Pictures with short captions
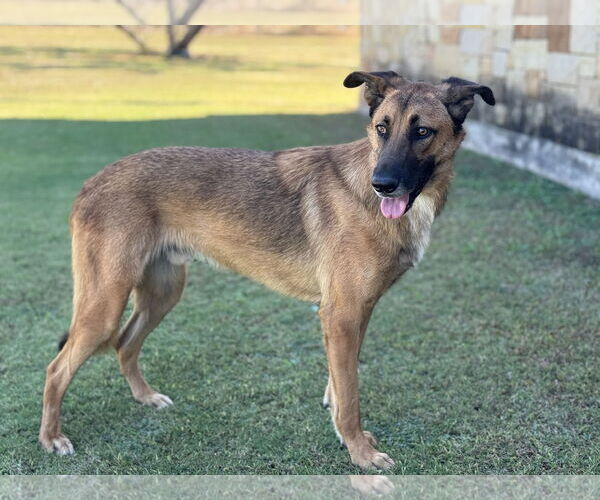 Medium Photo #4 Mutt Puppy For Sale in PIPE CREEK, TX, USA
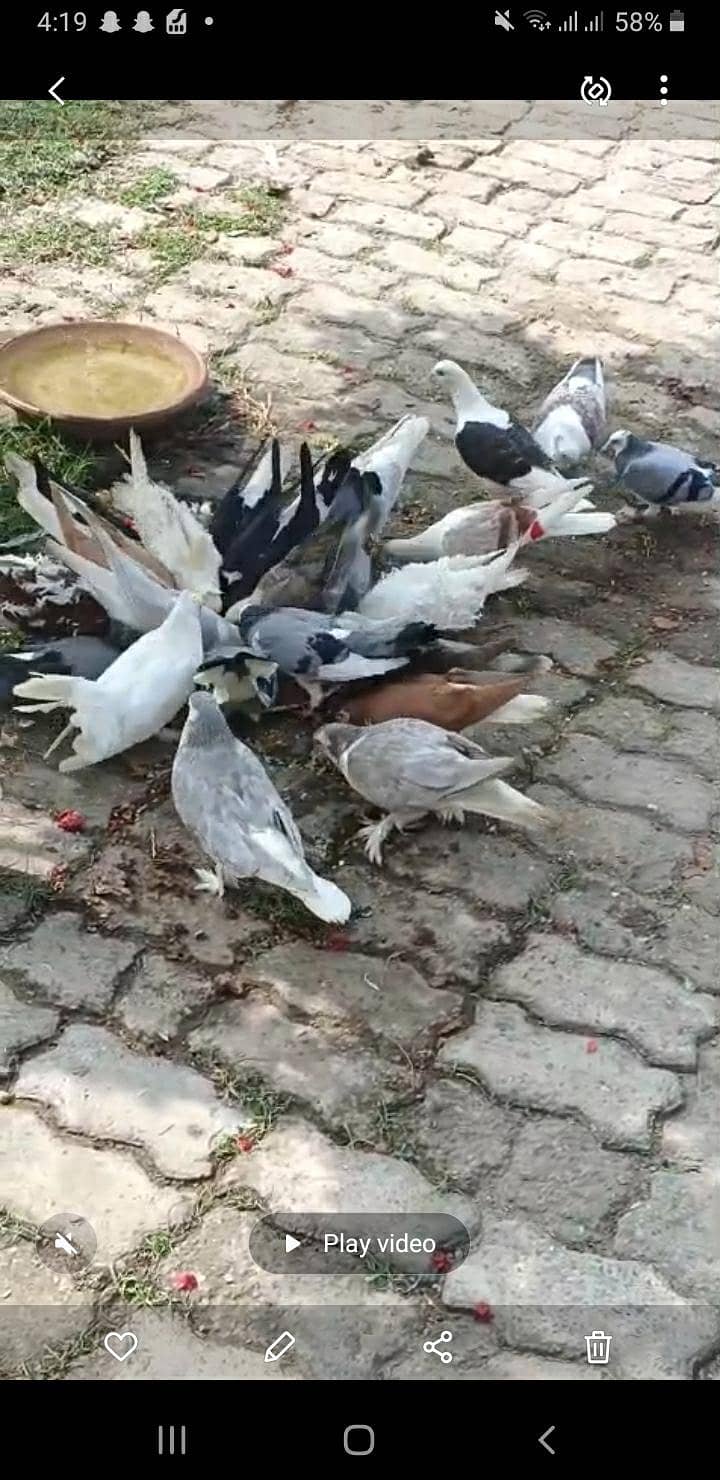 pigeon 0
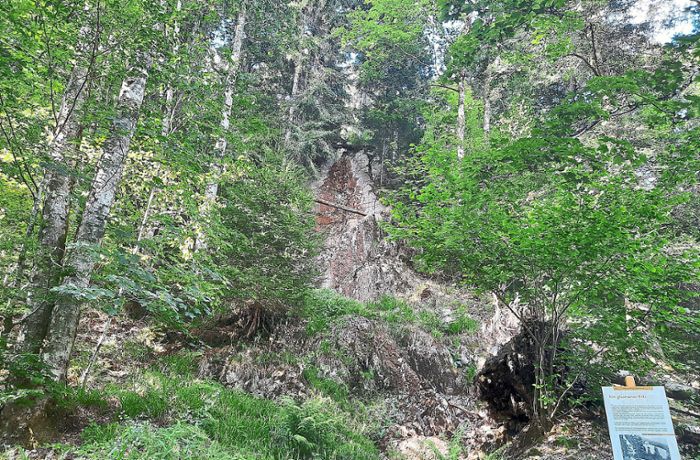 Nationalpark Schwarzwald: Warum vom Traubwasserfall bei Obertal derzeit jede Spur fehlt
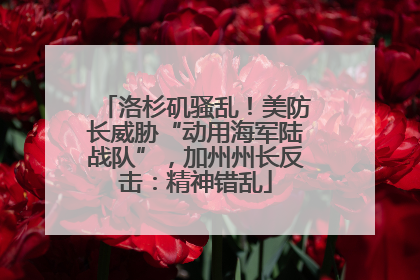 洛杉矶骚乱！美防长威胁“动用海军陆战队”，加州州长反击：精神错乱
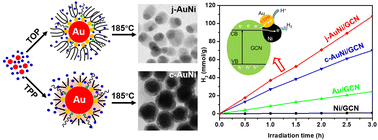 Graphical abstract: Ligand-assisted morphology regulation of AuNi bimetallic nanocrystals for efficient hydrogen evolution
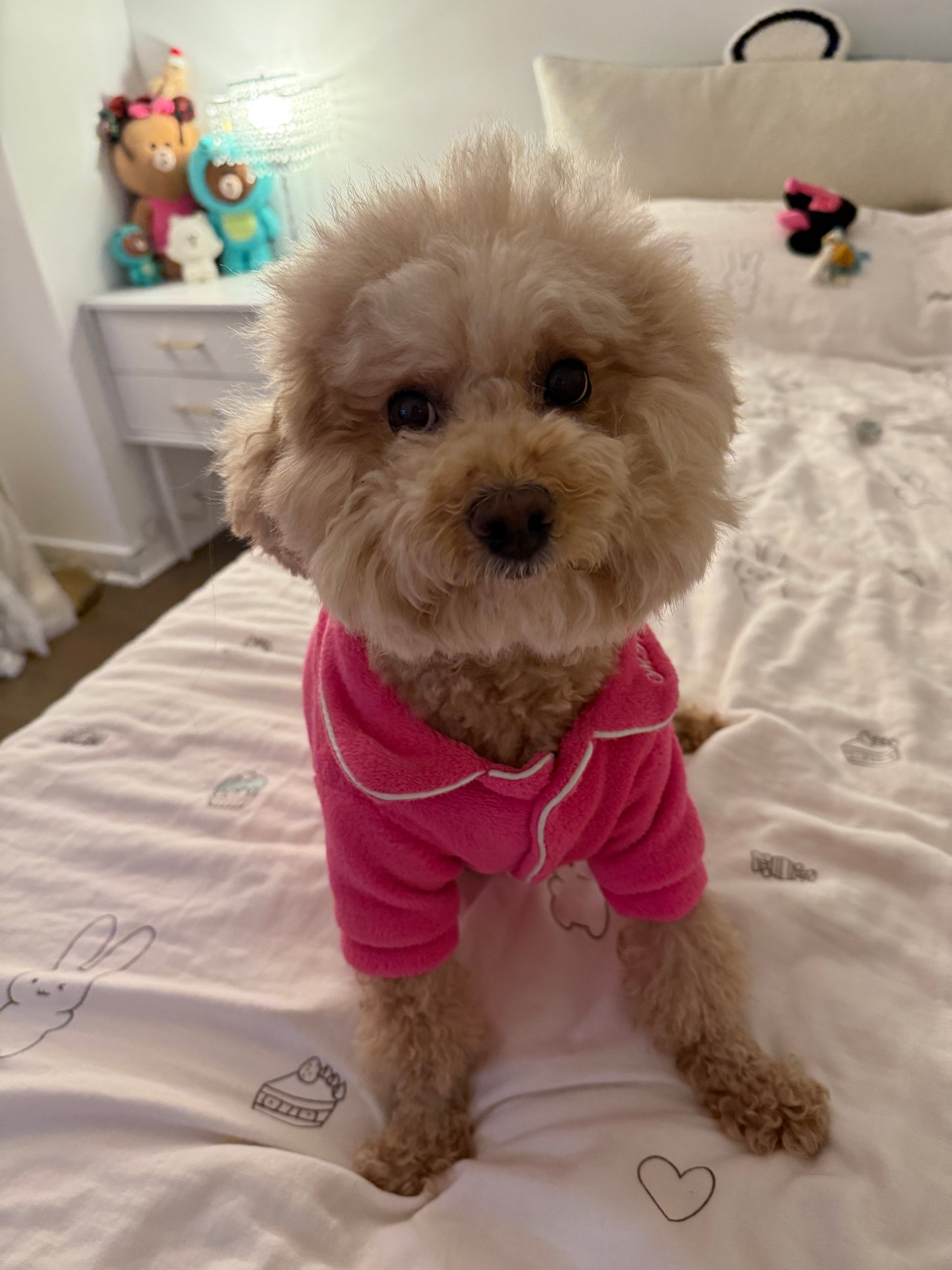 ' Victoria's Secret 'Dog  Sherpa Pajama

Exercise objective: Copy out all the data exactly. The images should not appear in the copy.

Response box:
 Medium Photo #4 Mutt Puppy For Sale in PIPE CREEK, TX, USA
 pigeon 0
 Nationalpark Schwarzwald: Warum vom Traubwasserfall bei Obertal derzeit jede Spur fehlt
 洛杉矶骚乱！美防长威胁“动用海军陆战队”，加州州长反击：精神错乱
 Graphical abstract: Ligand-assisted morphology regulation of AuNi bimetallic nanocrystals for efficient hydrogen evolution
 ' Victoria's Secret 'Dog  Sherpa Pajama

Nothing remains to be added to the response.